# going to turbo a GA16



## nissan1995 (Mar 30, 2003)

hey i know this is probably been reviewed but i cant find it so. Im going to get a T-25 Turbo, a DSM front mount intercooler and the stock wastgate. What else would i need just to be able to run like 4-6 Psi and not have any problems. where could i find the products too.turbo timer,lines,i know i need an exhaust manifold, piping, etc....... Thank you


----------



## holy200sx (Jan 8, 2003)

dude...

wow... your asking a question that has tooooo many answers to even start begining to question making ur car a turbo.. you cant really run 4-6 psi with no problems, unless you spend 600 bucks for JWT to tune your ecu, and even then, you still need to spend all the money getting the manifold, piping, couplers, oil lines, turbo timer is only if your lazy.. just leave yoru car on low rpms for 1 minute before you turn it off.. 

dude

save yourself the hassle and get the hotshot kit.


----------



## nissan1995 (Mar 30, 2003)

i dont want a hotshot kit i was just wondering cause i know a couple ppl that can get this stuff for cheap and was just asking for advice


----------



## James (Apr 29, 2002)

it's never cheap, if you work miricales it can be as low as 1k bucks... average it will run you closer to 2500...


----------



## holy200sx (Jan 8, 2003)

you get waht you pay for.


----------



## Katana200sx (May 13, 2002)

for a write up on how to turbo a ga...go to the forced induction section and check out jame's sticky at the top


----------



## 1CLNB14 (Apr 30, 2002)

Oh man, not this again....

Please do a search...


----------



## Madmax (Apr 30, 2002)

I've just installed a turbo set-up on my GA and honestly, if I had to do it again, I would have gotten the HotShot kit.
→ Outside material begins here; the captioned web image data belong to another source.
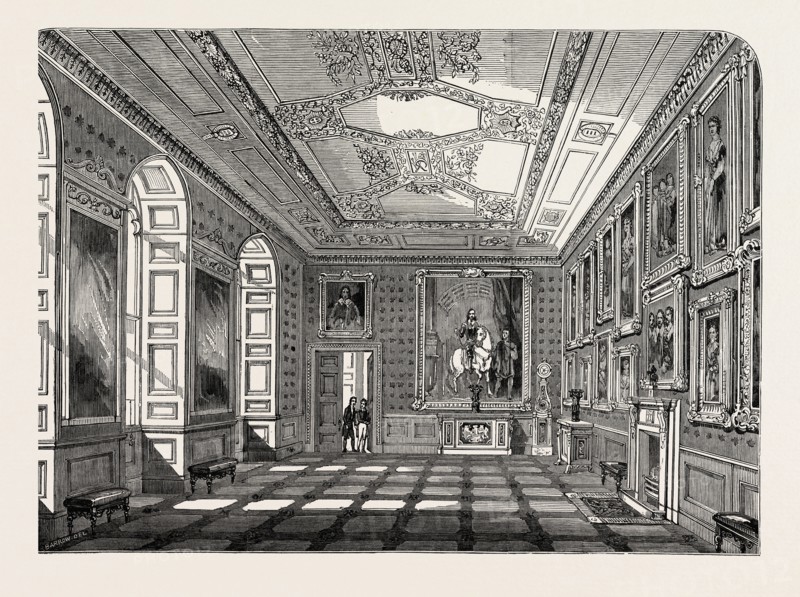 RETURN OF THE COURT TO WINDSOR CASTLE: STATE APARTMENTS, THE VANDYCK ROOM, UK, 1847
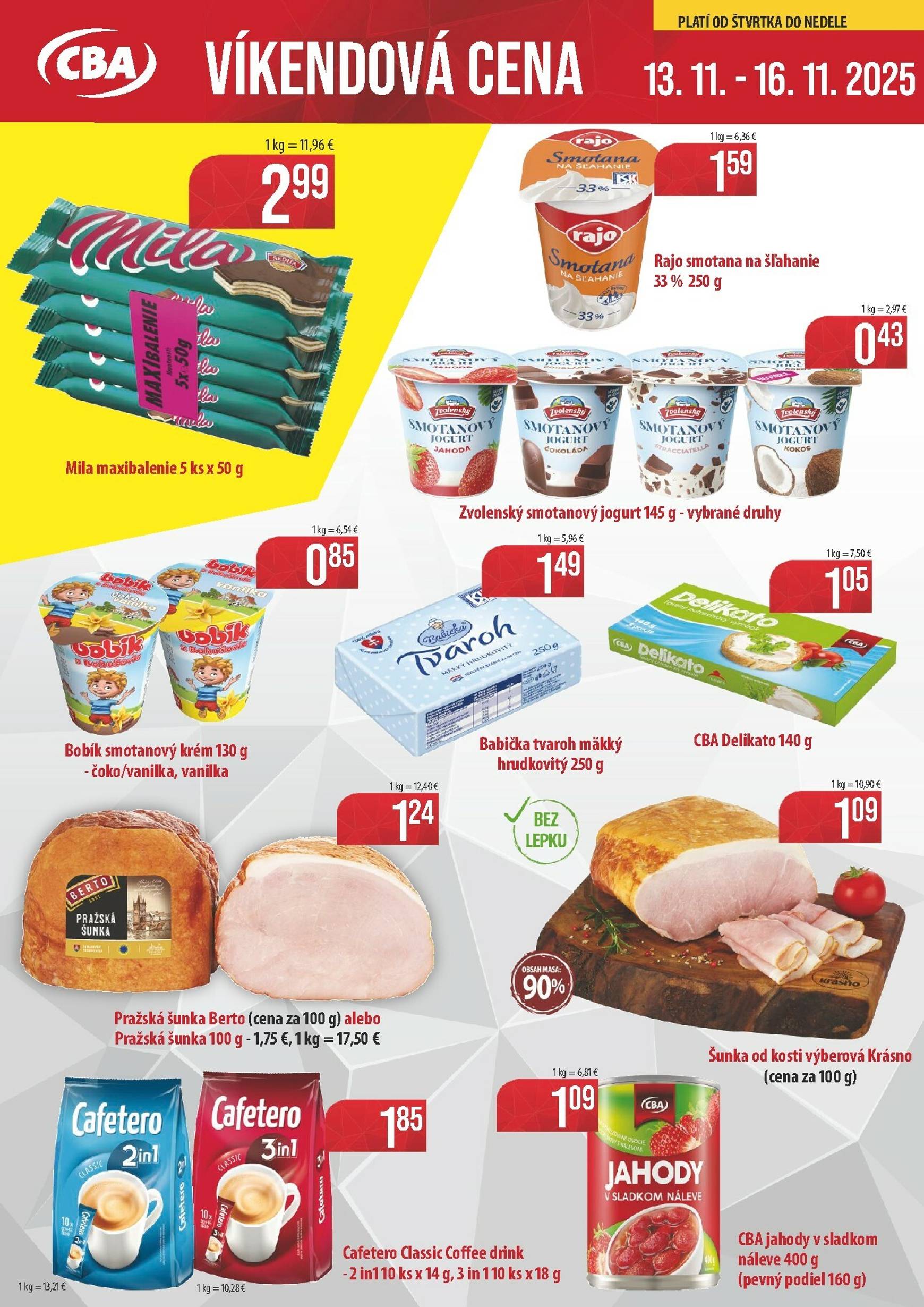 Page 1 of Aktuálny cba leták platný od štvrtka 13.11 do 16.11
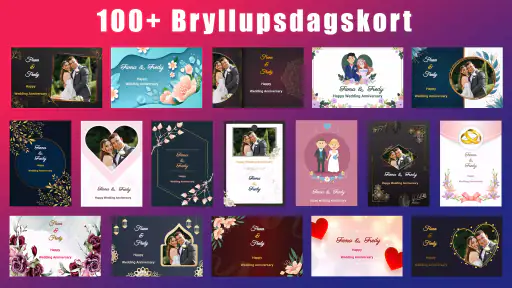 Bryllupsinvitasjonskort screenshot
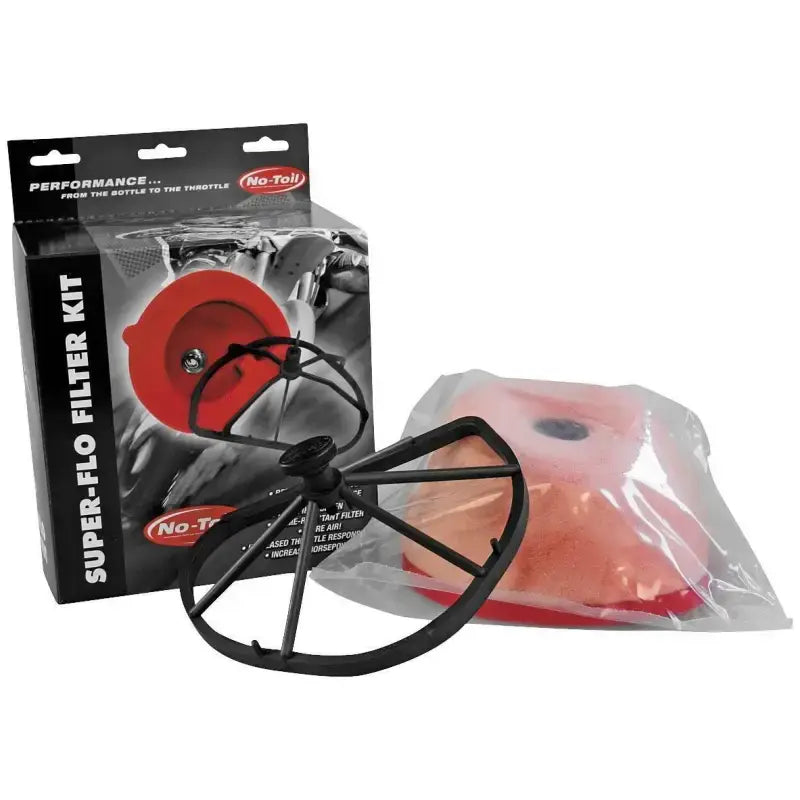No-Toil Super-Flo Kit with filter cage and high-density polymer filter for Kawasaki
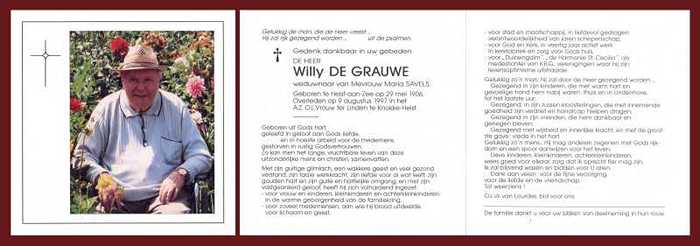 DE GRAUWE Willy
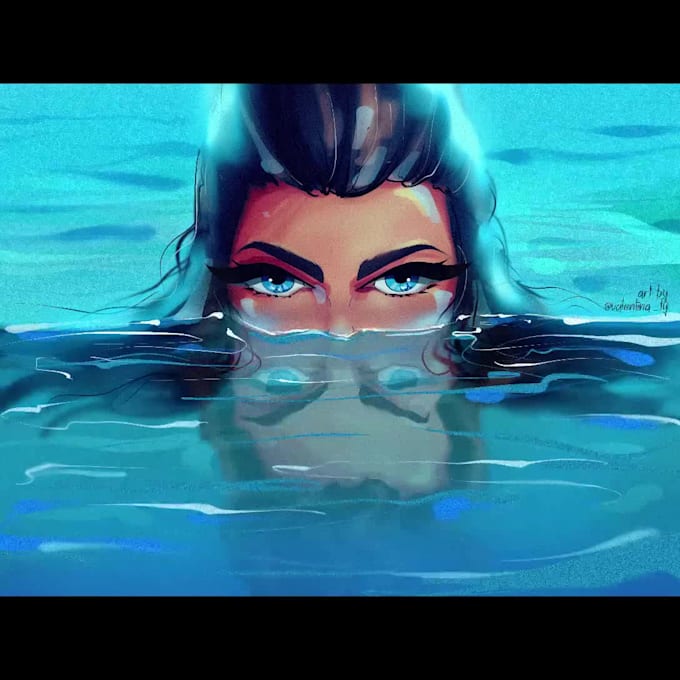 draw custom digital art and character illustration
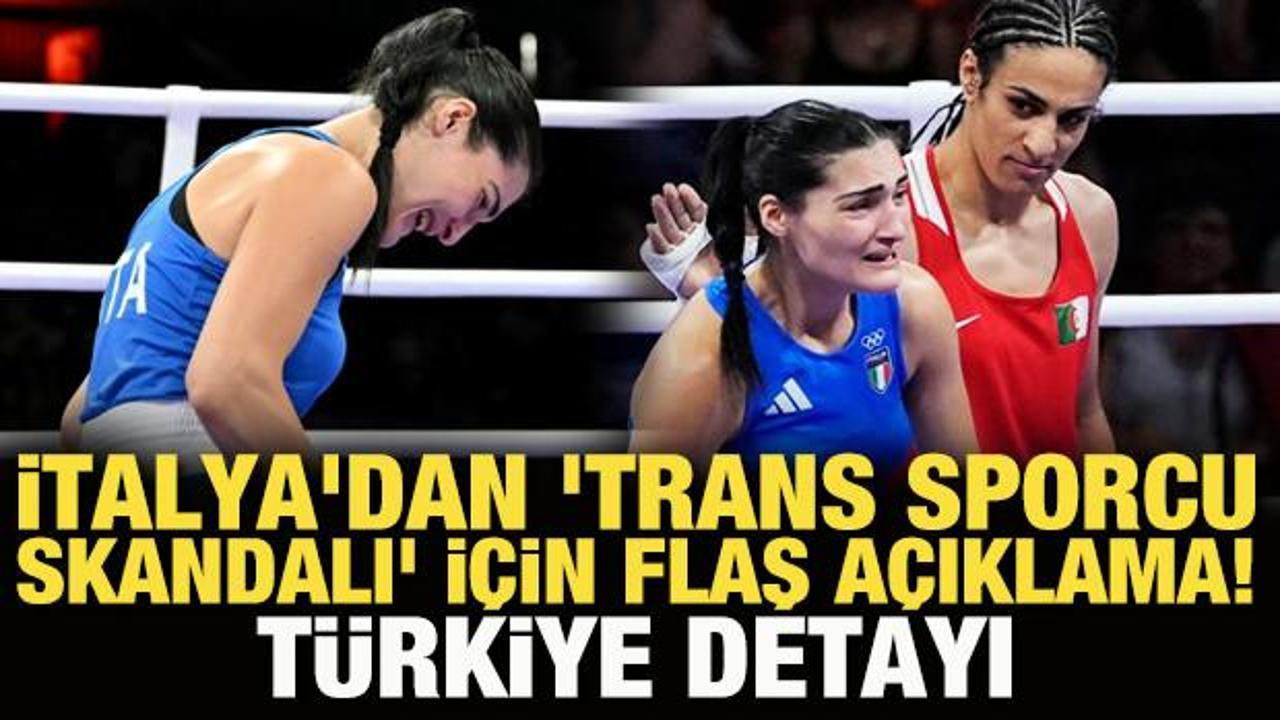 İtalya'dan 'Trans sporcu skandalı' için flaş açıklama! Türkiye detayı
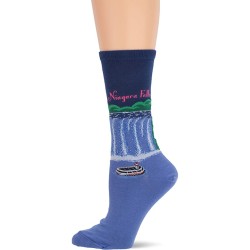 HotSox Womens Niagara Falls Socks, Dark Blue, 1 Pair, Womens Shoe 4-10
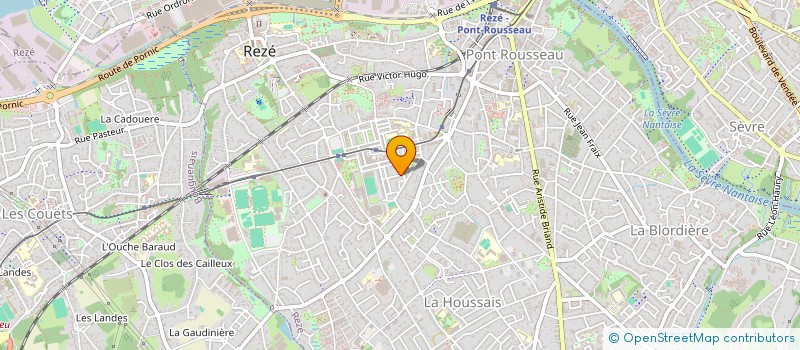 localisation de l'entreprise MF POSE  REZE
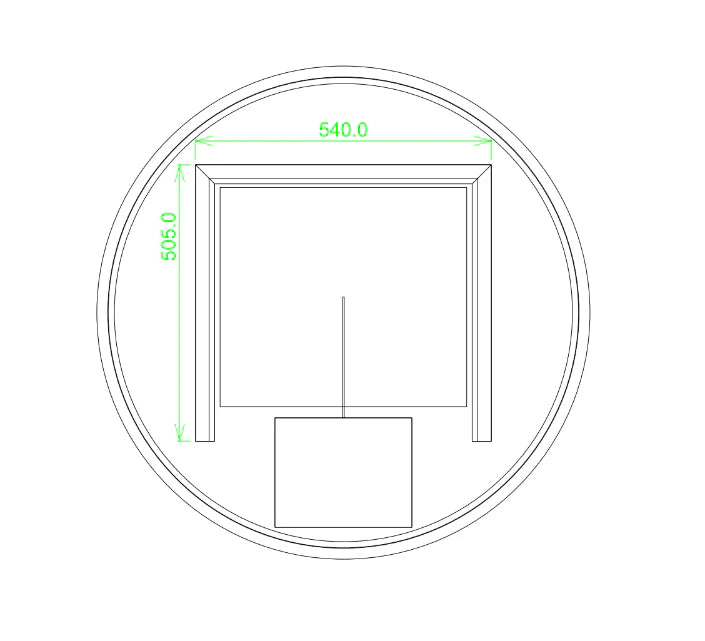 ROUND | LED MIRROR | 900MM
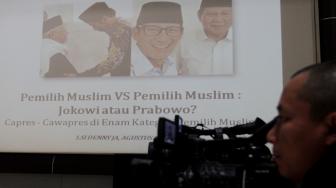 Jokowi-Ma'ruf Unggul di Segmen Pemilih Muslim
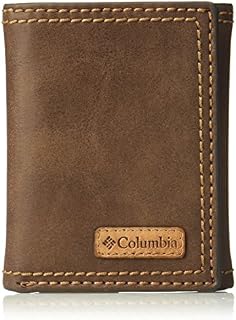 Columbia Men's RFID Leather Wallet - Big Skinny Trifold Vertical Security Protection Credit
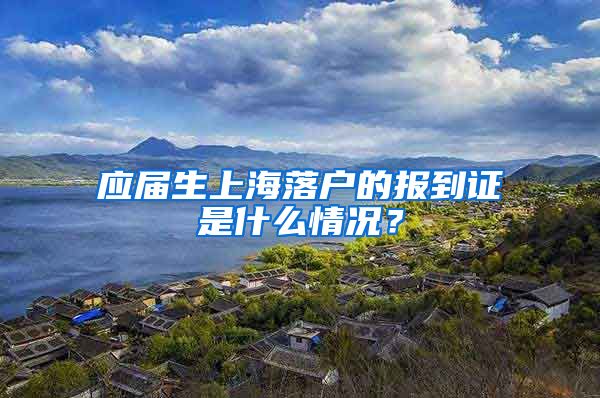 应届生上海落户的报到证是什么情况？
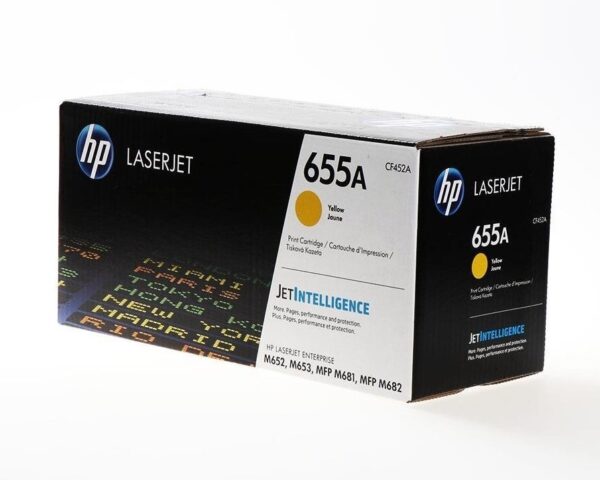 HP Toner nr 655A CF452A Yellow 10.5K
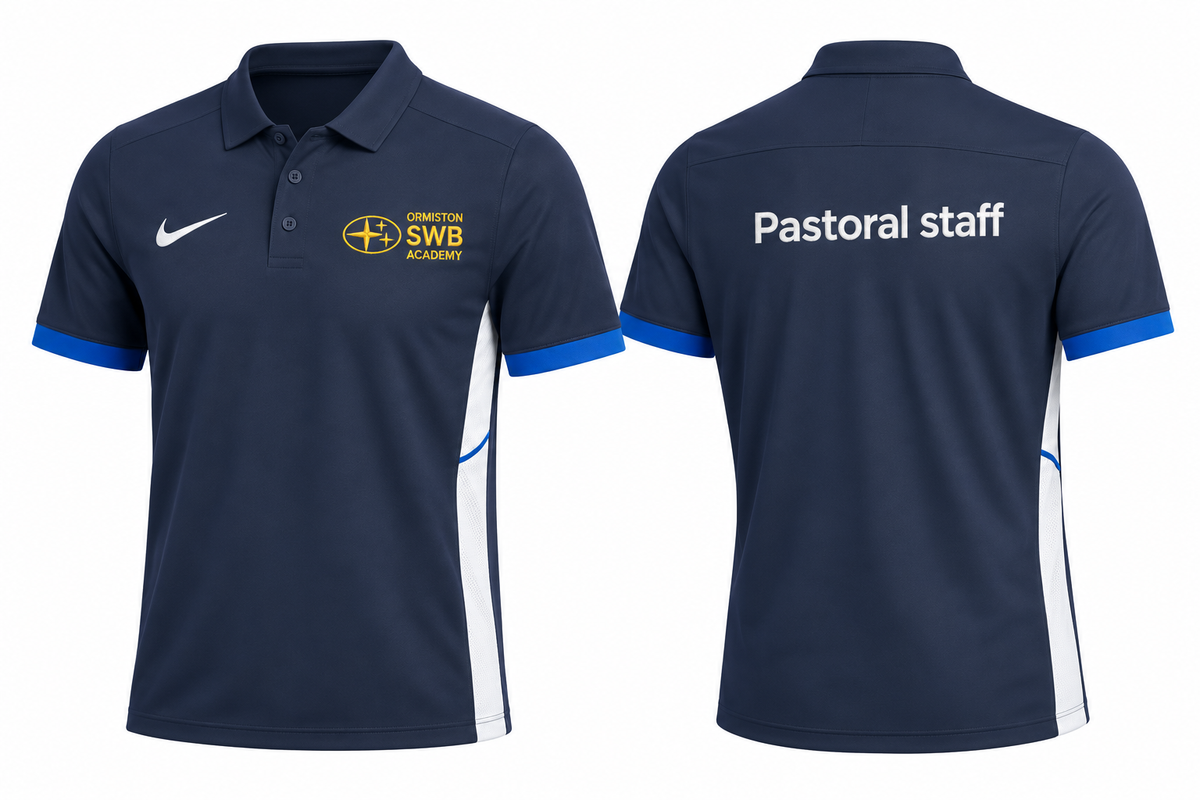 SWB Academy  - Academy 25 Polo top (FZ9759) Navy - with back print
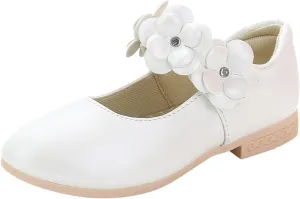 Children Shoes White Leather Shoes Bowknot Girls Princess Shoes Single Shoes Performance Shoes baby girl clothes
Less asshole and a lot less time on piecing it out and putting it on the car. Every thing was custom made for my kit. Trust me not worth it in the end. Of course it cost me a little less and thank god I've got mechanic background .

My 2 cents

MAx


----------



## chimmike (Oct 17, 2002)

1CLNB14 said:


> *Oh man, not this again....
> 
> Please do a search... *


yeah.

and I also suggest the Hotshot kit. It may be expensive, but, since you obviously know nothing else except what turbo you want to run, this kit will be perfect for you.


----------



## StevenLK (Jul 15, 2002)

there is sum other site. thats been posted just found that does sum turbo set up for the ga1.6, its http://www.importperformanceparts.net/imports/turbospec_nissan.html 
hope this helps but i think its just the t20 for like 1,700


----------



## myoung (Apr 15, 2002)

StevenLK said:


> *there is sum other site. thats been posted just found that does sum turbo set up for the ga1.6, its http://www.importperformanceparts.net/imports/turbospec_nissan.html
> hope this helps but i think its just the t20 for like 1,700 *


please stop posting this crap...its been said over and over... That kit sucks.....its BS and a waste of money...those guys have no clue about anything Nissan little lone the GA16....


----------



## holy200sx (Jan 8, 2003)

lol, i emailed them asking a buttload of questions, and heres what they replied with (after asking about changing a turbo, what comes with it from nuts to gaskets)

Every part in the kit is listed there are no extra parts other than that,we can ask the supplier if we can take out the reg when you order.


----------



## TheVodKA (Sep 19, 2002)

It's crap. For manifold, go to JGSTools Good price and you can mount the flange anywhere for that ideal piping setup


----------



## holy200sx (Jan 8, 2003)

hell for 250 that aint a bad price at all


----------